PECO Spokeswoman Liz Williams told Patch that power restorations could take up to a week to complete. As of Tuesday afternoon, she said 170,000 Montgomery County residents were without power. PECO's outage breakdown shows that between 1,501-3,500 of the company's 3,800 Hatboro customers are also without power. Williams said she could not pinpoint specific numbers for either municipality.
"Hurricane Sandy is causing wide-spread damage along the East Coast and locally caused power interruptions to more than 850,000 PECO customers – making Sandy the most damaging storm in company history," Williams said. "More than 3,000 employees and contractors are working around-the-clock to repair this unprecedented damage and restore service to customers."
As of 1 p.m. Tuesday, Williams said crews had safely restored service to more than 300,000 customers.
In Horsham, Walker said much of the outages were caused by uprooting of trees throughout the township, Walker said. At least nine trees fell on township homes and approximately 30 fell onto roadways. Many of those, Walker said, had electrical wires, making removal a job for PECO as opposed to the township public works department, who like Walker and emergency personnel, worked day and night to stay on top of the storm.
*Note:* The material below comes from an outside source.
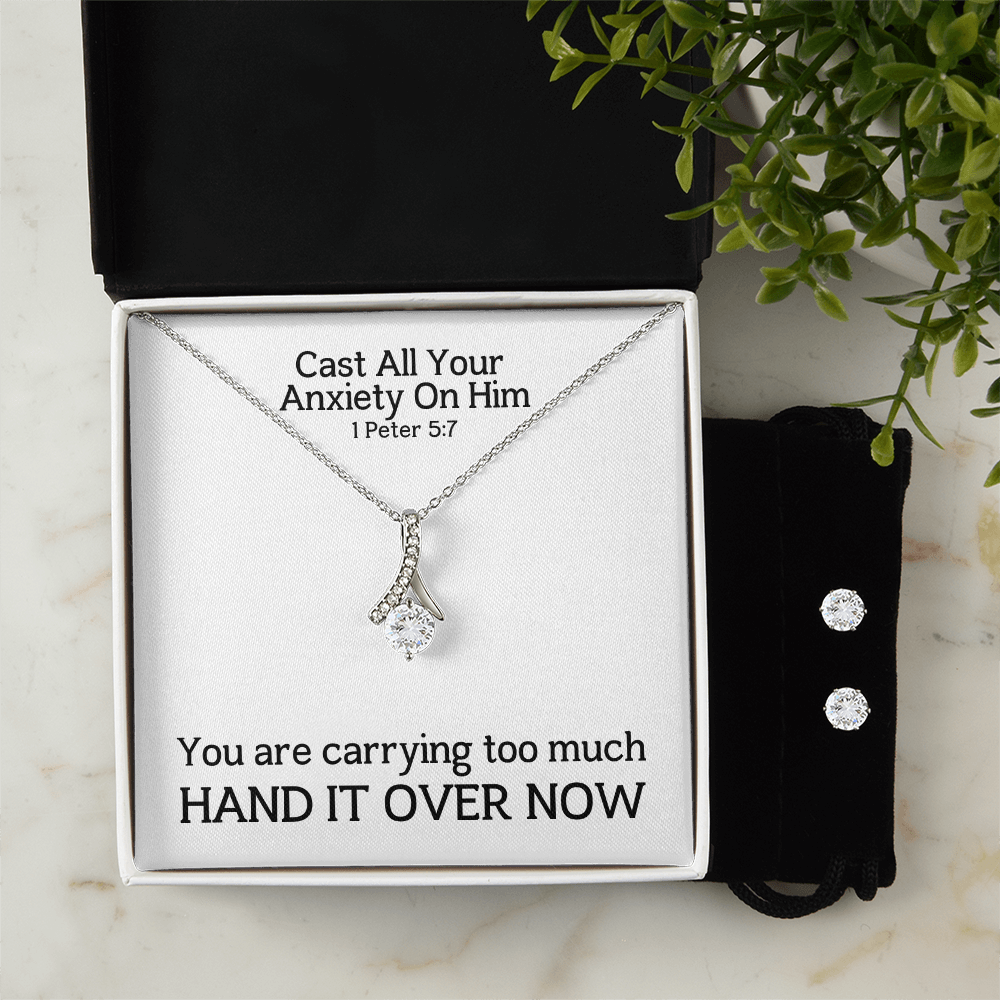 Cast All Your  Anxiety On Him (1 Peter 5:7) | Alluring Beauty Necklace & Earring Set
"At the end of the day, there were no injuries, no deaths, just cleanup," said Walker, who, after 45 minutes of sleep last night reported to work Tuesday.
Four Horsham residents stayed briefly at the Horsham Township Community Center Monday night, Walker said, adding that they later relocated elsewhere. Emergency crews did not have to evacuate anyone, or carry out water rescues, he said.
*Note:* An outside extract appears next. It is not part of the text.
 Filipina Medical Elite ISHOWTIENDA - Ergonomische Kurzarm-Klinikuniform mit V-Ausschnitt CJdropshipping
As was the case following Hurricane Irene, Walker said township residents should notify Horsham of property damage resulting from downed trees, or other storm-related issues. In order to be considered for FEMA or PEMA cleanup funding, Walker said the township has to document relevant damage.
For the time being, anyone needing to reach the township should call the police non-emergency number at 215-643-8284 as the township's phone and email is down.
During a two-hour drive Tuesday morning, Walker said he saw "lots of trees down on private property," but said it was "very nice to see neighbors helping neighbors" with cleanup.
The township's parks and recreation department is still surveying its nearly 50 parks to determine damage to the nearly 900 acres of township property, Walker said.